NOTAS DE UM LEITOR
Luiz Weis
Este leitor pede licença para transcrever um comentário de sua autoria, publicado na edição de 13/3 deste Observatório:
"Em nome da isenção jornalística, fatos que clamam por um pingo de sangue nas veias de quem os divulga costumam ser tratados com uma indiferença que pode levar o leitor a se perguntar que raio de gente são esses jornalistas capazes de contar com tamanho distanciamento histórias de fazer ferver um bloco de gelo".
O motivo da repetição é a frieza burocrática ? já criticada, em relação à Folha, por seu ombudsman, em 9/11 ? da cobertura de quase toda a imprensa da enormidade que foi a decisão da Previdência de suspender o pagamento da aposentadoria a 105 mil pessoas com mais de 90 anos ou 30 de jubilamento, enquanto não se recadastrassem.

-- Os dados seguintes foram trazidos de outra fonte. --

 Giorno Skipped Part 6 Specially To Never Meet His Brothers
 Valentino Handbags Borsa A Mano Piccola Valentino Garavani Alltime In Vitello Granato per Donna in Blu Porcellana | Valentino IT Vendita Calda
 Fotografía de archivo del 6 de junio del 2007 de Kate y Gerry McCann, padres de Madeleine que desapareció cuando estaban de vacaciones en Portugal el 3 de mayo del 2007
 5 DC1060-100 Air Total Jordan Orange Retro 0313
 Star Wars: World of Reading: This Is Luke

A gloriosa exceção foi O Globo. Na sexta-feira (8/11), sob o chapéu "Martírio no INSS" ? muito mais adequado, por exemplo, do que o trocadilhesco "Imprevidência", da Folha ?, e o felicíssimo título "Humilhados e ofendidos", o jornal deu uma página ao escândalo. Aproveitou para esfregar nos olhos do governo a pimenta que este fez por merecer, acrescentando o seguinte destaque entre o título e a matéria, com enormes aspas: "É crime desdenhar, humilhar, menosprezar ou discriminar pessoa idosa, por qualquer motivo ? Artigo 96 do Estatuto do Idoso sancionado por Lula".
O diário manteve o tom certo na edição seguinte, ao relatar, sob o titulaço "Desculpas a fórceps", o comportamento desmoralizante do ministro Ricardo Berzoini, que começou o dia anterior dizendo no Bom Dia Brasil que "não há razão para pedir desculpas" e terminou a jornada com uma nota em que dá o dito pelo não dito, "depois de receber puxão de orelha do chefe da Casa Civil, José Dirceu", segundo O Globo.

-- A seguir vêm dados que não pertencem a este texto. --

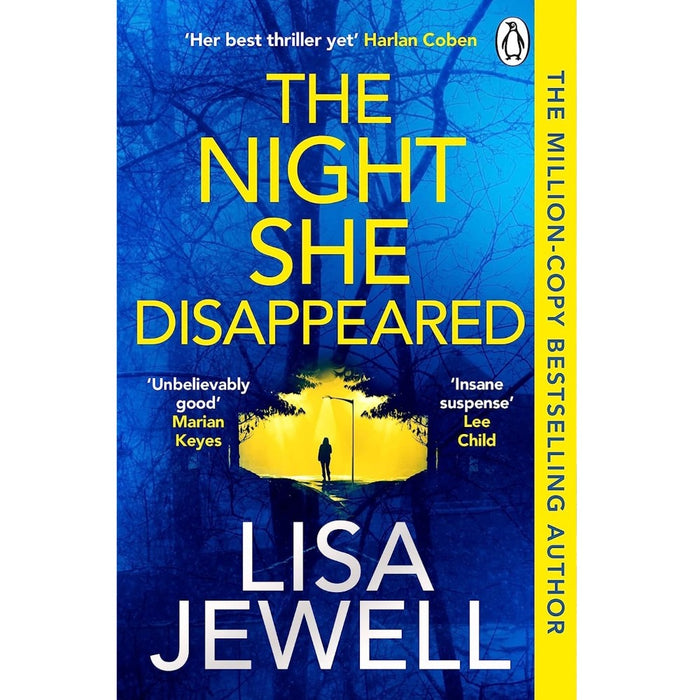 Bestseller Books - The night she disappeared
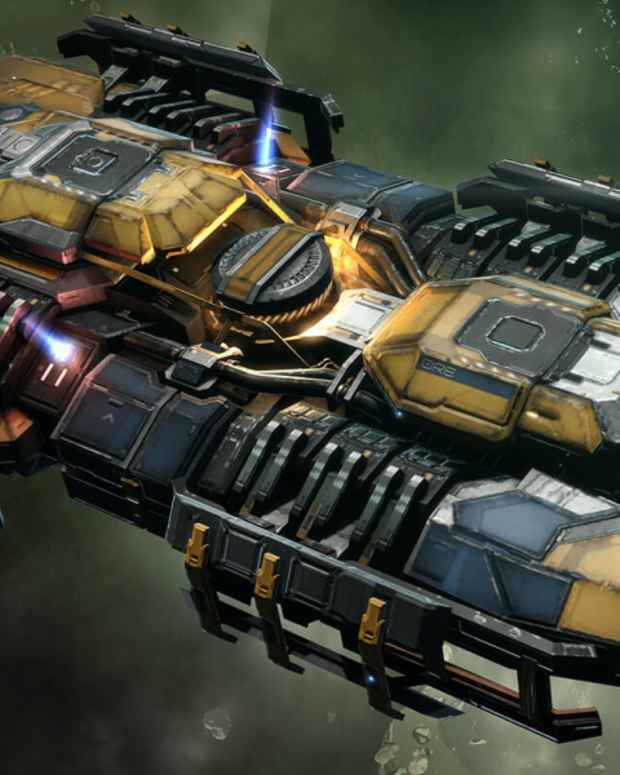 Gas Mining in "EVE Online" LevelSkip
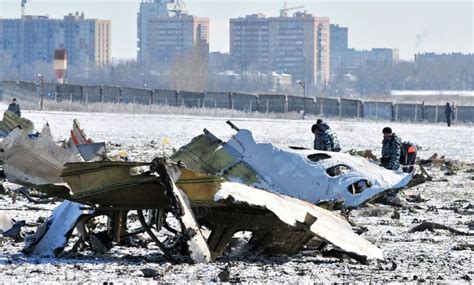 Las Cajas Negras Del Accidente Aéreo De Rusia Podrán Ser Leídas Pese A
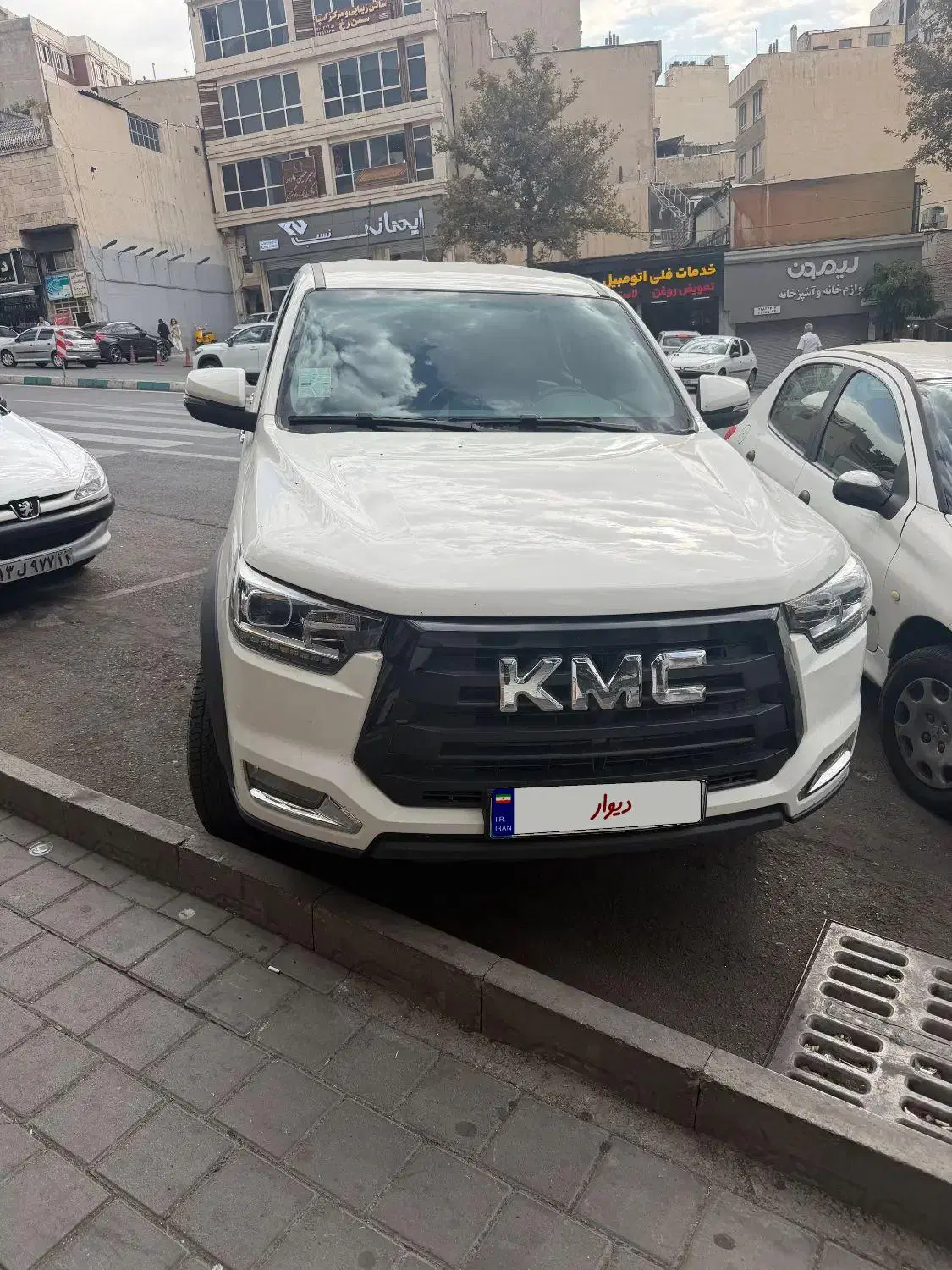 kmc t8|خودرو سواری و وانت|تهران, دارآباد|دیوار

Sempre há um risco embutido na decisão de contrariar o sagrado mandamento "Não editorializarás o noticiário". Mas, se não fossem os riscos, qual a graça de ser jornalista?

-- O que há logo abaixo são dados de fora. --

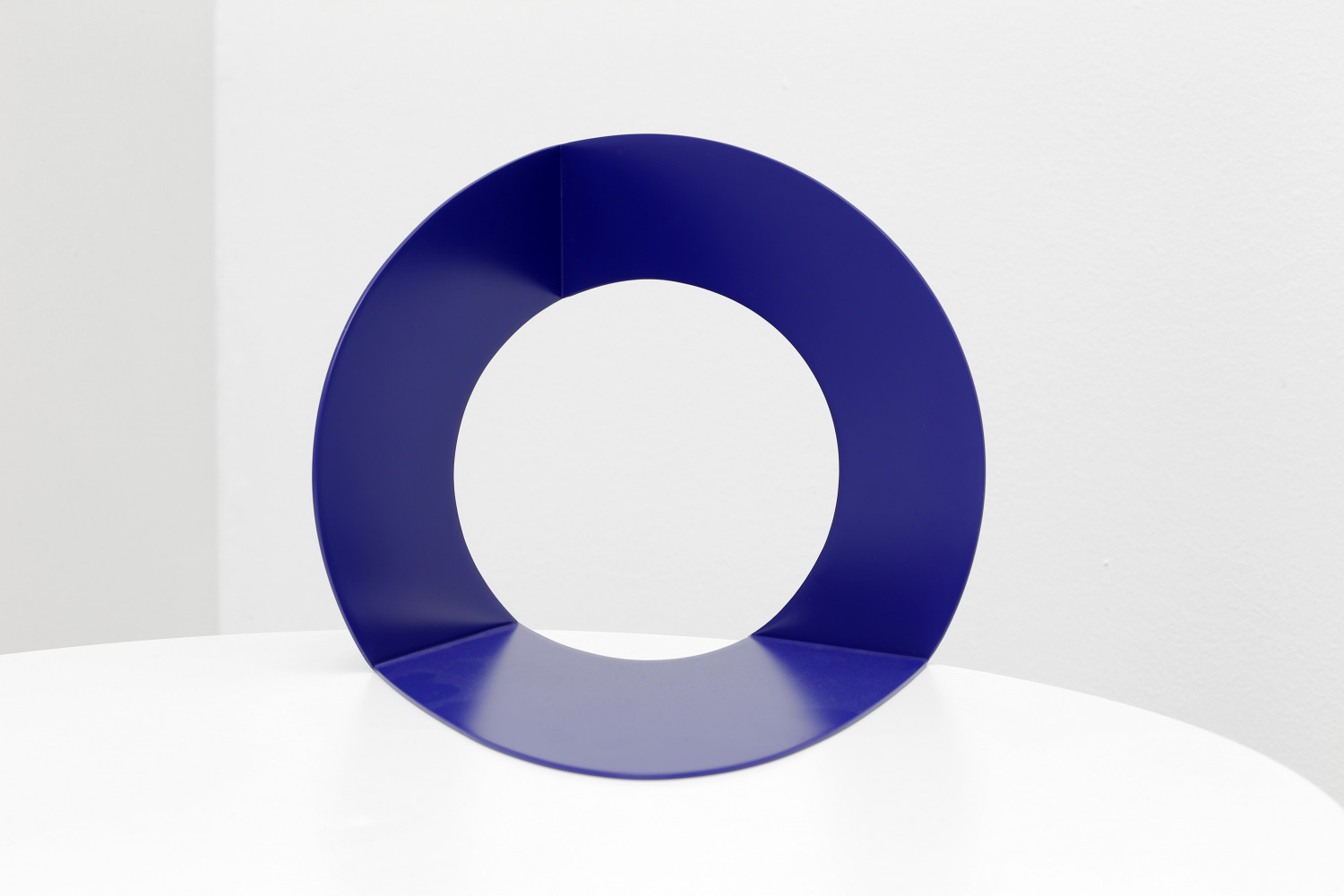 Felice Varini, ‘Cercle bleu’, 0013–2013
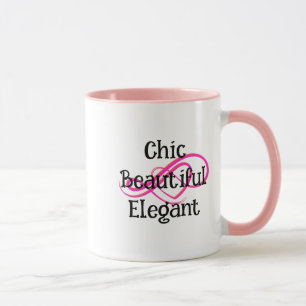 Chic, Beautiful, Elegant Mug
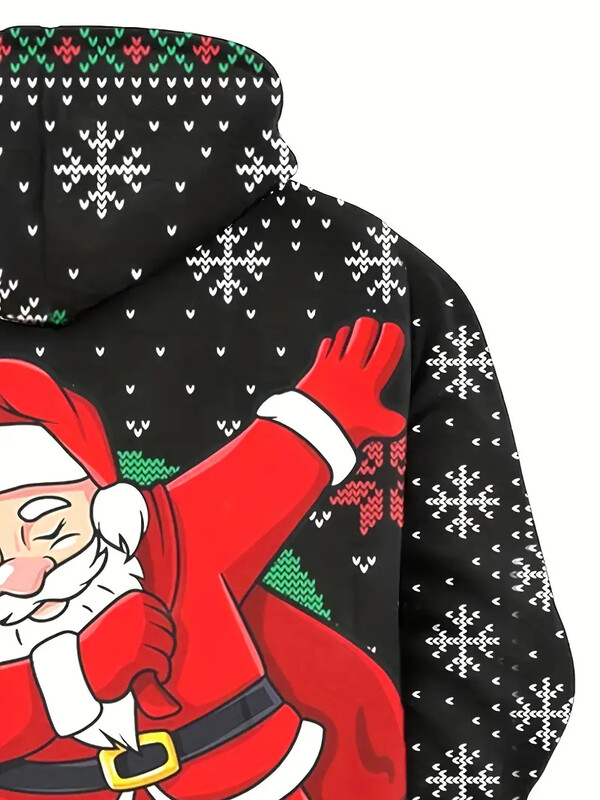 Smieklīgs vīriešu jaukums Ziemassvētku 3D drukas krekls Modes sporta krekls ar īsām piedurknēm āra ikdienišķs lielizmēra vīriešu apģērbs ikdienas valkāšanai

À parte isso e muito mais importante, não há Redação que valha o seu sal se, de alto a baixo da cadeia de comando, ela não estiver impregnada de sensibilidade.
Nesse caso, não se trata do chamado faro para a notícia, mas da capacidade de o jornalista se identificar com a desgraça alheia e ecoar as humilhações e ofensas que os poderosos, com a sua impermeável casca grossa moral e olímpico alheamento burocrático, impõem aos fracos.
Na mídia honesta, a indignação não se destina a baratear o sofrimento destes no varejão do sensacionalismo, nem para vender pieguice, mas para fazer sustar as suas causas e, se for o caso, ajudar a punir os autores.
Ah, mas os editoriais e artigos assinados? Nessas situações, quanto mais numerosos e mais bem fundamentados, melhor, é claro. Só que um protesto na página de opinião vale por um sussurro perto de um grito bem dado de denúncia na página de notícias ? que é a porta pela qual gente de carne e osso entra nos periódicos.
No mais, para que o grito tenha causa justa e produza o efeito desejado, parece evidente que só pode sair da garganta depois do OK, ao mesmo tempo criterioso e rápido, dos editores.